Begitu pula peristiwa yang dialami oleh nabi Ibrahim dan anaknya, nabi Ismail yang menjadi awal di syariatkannya qurban bagi umat Islam. Nabi Ibrahim ialah pribadi yang kaya dan dermawan yang gemar mengorbankan kekayaannya untuk kepentingan sosial masyarakat. Ia sering berderma dengan menyembelih domba dan unta untuk menyantuni masyarakatnya. Dalam buku-buku sejarah Islam, beliau diberitakan berkata bahwa anak sendiri pun akan dikorbankan jika Allah memerintahkan. Maka ketika anaknya lahir dari rahim sang istri, Siti Hajar, dan kemudian tumbuh besar, turunlah ujian Allah agar Ibrahim menyembelih putranya. Nabi Ibrahim, bermimpi selama tiga malam berturut-turut agar menyembelih anaknya. Dengan suara berat, ia teguhkan hati menyampaikan ”mimpi”-nya pada si buah hati. Tak disangka, anaknya malah ’menantang’ sang ayah, ”Saya siap; satajiduni insy Allah-u min al shabirin.” (Q.S. Ash Shoffaat: 102).
Nyata sudah bentuk keimanan, ketaatan dan kesabaran tingkat tinggi yang ditunjukkan oleh bapak dan anak tersebut, sehingga ketika Ibrahim hendak menyembelih Ismail, Allah menyelamatkan Ismail sekaligus menggantikannya dengan seekor domba besar. Daging domba sembelihan tersebut diperintahkan untuk dibagikan kepada umatnya yang membutuhkan dengan seadil-adilnya. Peristiwa ini kemudian disyariatkan oleh Allah menjadi ibadah kurban bagi umat Muslim setiap tanggal 10 Dzulhijah sebagai hikmah bahwa sebagai hamba, sudah selayaknya manusia mentaati perintah Allah swt.

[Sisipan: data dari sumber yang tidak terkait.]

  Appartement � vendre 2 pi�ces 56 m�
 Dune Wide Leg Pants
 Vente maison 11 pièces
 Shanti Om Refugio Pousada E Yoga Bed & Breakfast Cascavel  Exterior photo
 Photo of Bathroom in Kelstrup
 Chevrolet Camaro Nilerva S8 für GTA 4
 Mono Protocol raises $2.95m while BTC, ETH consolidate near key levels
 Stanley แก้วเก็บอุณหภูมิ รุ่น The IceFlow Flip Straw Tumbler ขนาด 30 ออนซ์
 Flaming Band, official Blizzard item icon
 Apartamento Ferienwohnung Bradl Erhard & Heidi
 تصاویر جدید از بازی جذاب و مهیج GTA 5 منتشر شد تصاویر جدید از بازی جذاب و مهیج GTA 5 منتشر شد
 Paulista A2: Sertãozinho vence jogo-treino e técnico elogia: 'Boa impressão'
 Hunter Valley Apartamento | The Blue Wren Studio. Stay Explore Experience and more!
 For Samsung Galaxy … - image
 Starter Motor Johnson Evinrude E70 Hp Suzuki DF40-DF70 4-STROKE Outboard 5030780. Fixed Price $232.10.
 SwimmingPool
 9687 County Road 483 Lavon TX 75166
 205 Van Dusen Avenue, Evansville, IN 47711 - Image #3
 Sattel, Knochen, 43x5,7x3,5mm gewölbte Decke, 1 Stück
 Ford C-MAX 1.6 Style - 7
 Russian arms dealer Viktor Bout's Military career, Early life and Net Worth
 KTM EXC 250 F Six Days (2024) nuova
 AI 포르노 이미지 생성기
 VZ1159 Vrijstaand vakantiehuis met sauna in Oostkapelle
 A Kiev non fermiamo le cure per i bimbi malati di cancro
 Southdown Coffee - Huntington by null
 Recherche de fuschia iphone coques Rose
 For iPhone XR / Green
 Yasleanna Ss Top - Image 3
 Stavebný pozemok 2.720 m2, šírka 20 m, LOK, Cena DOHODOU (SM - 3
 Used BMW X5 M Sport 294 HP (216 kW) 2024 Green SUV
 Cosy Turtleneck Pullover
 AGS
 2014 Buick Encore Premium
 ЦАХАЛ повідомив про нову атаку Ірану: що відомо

Ada banyak hikmah yang terangkum dalam ibadah qurban ini. Salah saunya adalah menumbuhkan kepekaan sosial dalam bermasyarakat. tumbuhnya rasa empati umat Muslim terhadap sesama manusia. Dari semangat dan jiwa sosial tersebut, umat Muslim dan seluruh warga masyarakat, baik yang berkurban maupun yang menerima kurban, sama-sama merasakan kebahagiaan. Demikianlah sejatinya ibadah kurban, menumbuhkan semangat berempati kepada sesama, menghilangkan berbagai bentuk kedengkian dan iri hati dalam diri, serta memupuk persaudaraan dan kerukunan masyarakat.
KESEJAHTERAAN SOSIAL
Dengan adanya kepekaan sosial maka akan membangun kesetaraan dan pemerataan ekonomi. Kesetaraan merupakan salah satu esensi penting dalam ibadah kurban pada Hari Raya Idul Kurban. Esensi pentingnya terletak pada pendistribusian daging kurban, yakni diutamakan kepada orang-orang yang tidak mampu agar mereka merasakan kebahagiaan pada Hari Raya Idul Adha dan hari-hari setelahnya. Ibadah kurban yang membimbing umat Muslim agar berkorban ini mengandung muatan pelajaran dan hikmah bahwa kaum Muslim hendaknya selalu ingat untuk melakukan perbaikan agar kemaslahatan selalu meliputi masyarakatnya dan agar kondisi masyarakatnya menjadi lebih baik. Dengan demikian, persolan masyarakat, utamanya kelaparan dan kemiskinan, sedikit banyak dapat teratasi melalui ibadah kurban, atau dengan kata lain kurban yang dilakukan oleh umat Muslim yang berkecukupan diharapkan mampu berkontribusi pada upaya penyetaraan serta penghapusan kasta-kasta yang tidak terlihat di masyarakat, dan berkontribusi pula pada upaya pemerataan ekonomi warga masyarakat sehingga kesenjangan ekonomi yang terjadi tidak terlalu tinggi. Meskipun terkesan masih instan karena sifat ibadah kurban hanya one time donation, namun ibadah kurban mengandung hikmah besar, yakni bahwa kurban memberi petunjuk dan contoh nyata upaya pemerataan ekonomi masyarakat dapat dimulai dari ibadah kurban itu sendiri.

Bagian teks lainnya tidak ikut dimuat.